Wednesday 26th October 2005
It’s not the technical details
Adam posts about Google’s web accelerator, and gives a fairly simple explaination about what’s going on. Or even more simply, because the web accelerator “clicks” on everything on your behalf, when you log into a website, google might click on things you rather it didn’t. Like logout, or delete, or reset, or so on.
The argument is now going back and forth on technical points (like RFCs), but that’s missing the point. Basically, Google are acting like a prick. They’re doing something that they know is going to, rightly or wrongly, cause a lot of trouble. Hence they’re being pricks. Plain and simple. I don’t care whether indeed what they are doing is right or wrong, what the interpretation of “SHOULD NOT” might be. But the fact that the arguments are about details like that is just an indication that the argument is occuring between techies who lack basic social skills.
I want to upgrade all the machines at work to SP2. If there’s spyware on the machine, the upgrade fails and screws the machine up. There shouldn’t be spyware on the machine. So technically, I should just upgrade all the machines, and blame the clients for their spyware problem if everything screws up. But I don’t, because I’m not a prick. So we’re working at getting rid of the spyware first.
A non-socially retarded policy by Google would be to assume that logged-in applications aren’t web-accelerator safe, since many of them aren’t. Then they could examine some open source ones, help identify and fix the broken ones, and declare them “WA-approved”. The application could then stick a tag in the html to encourage accelerators to crawl their app. Closed source vendors could use the seal of approval as a marketing ploy - “Get our new, fantastic, version 6.5 of Another Web App - WA-approved”. And then the end game will occur - most web apps will be accelerator safe, and everyone will have time to have throw some shrimps on the barbeque and drink beer. And it’ll happen without any of the bad feelings that are being generated by some socially inept techies.
The story about the website was important and the message was this: The public web used to be this way. The same arguments happened there and all the search engines were pricks and they crawled anything.
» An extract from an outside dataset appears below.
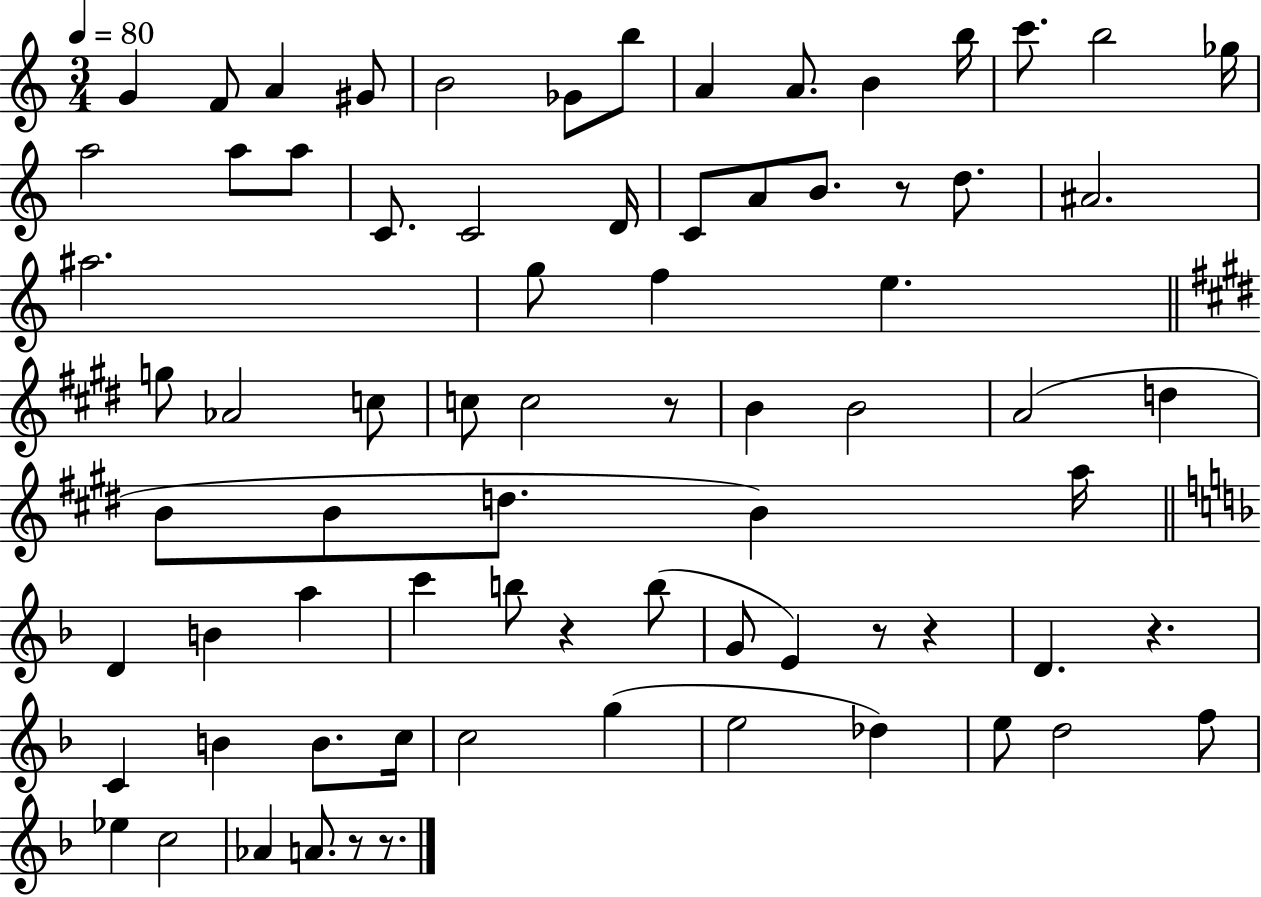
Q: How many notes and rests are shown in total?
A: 75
Could they have been nice and waited for sites to opt in for crawling? Sure, but you wouldn’t have search engines today. The feedback loop (search is useful which motivates sites to add themselves to search, which makes it so useful…) would have been very slow and you would have had a polite web which was mostly useless.
GWA has causes far more blog inches than real effects. It’s far from the only program which does that sort of thing and the others have more installs. But its simple existence is causing people to change. Sure, they’re repeating themselves ten years later about how terrible search engines^W^W web accelerators are, but (very) slowly does it and by the time GWA launches it should be safe.
Comment by Adam — 26/10/2005 @ 2:54 pm
One difference is that you would expect crawlers in public areas, but not in private ones (unless you invite crawlers into your restricted areas specifically, which would be weird).
And since when were blog inches supposed to correlate with real importance?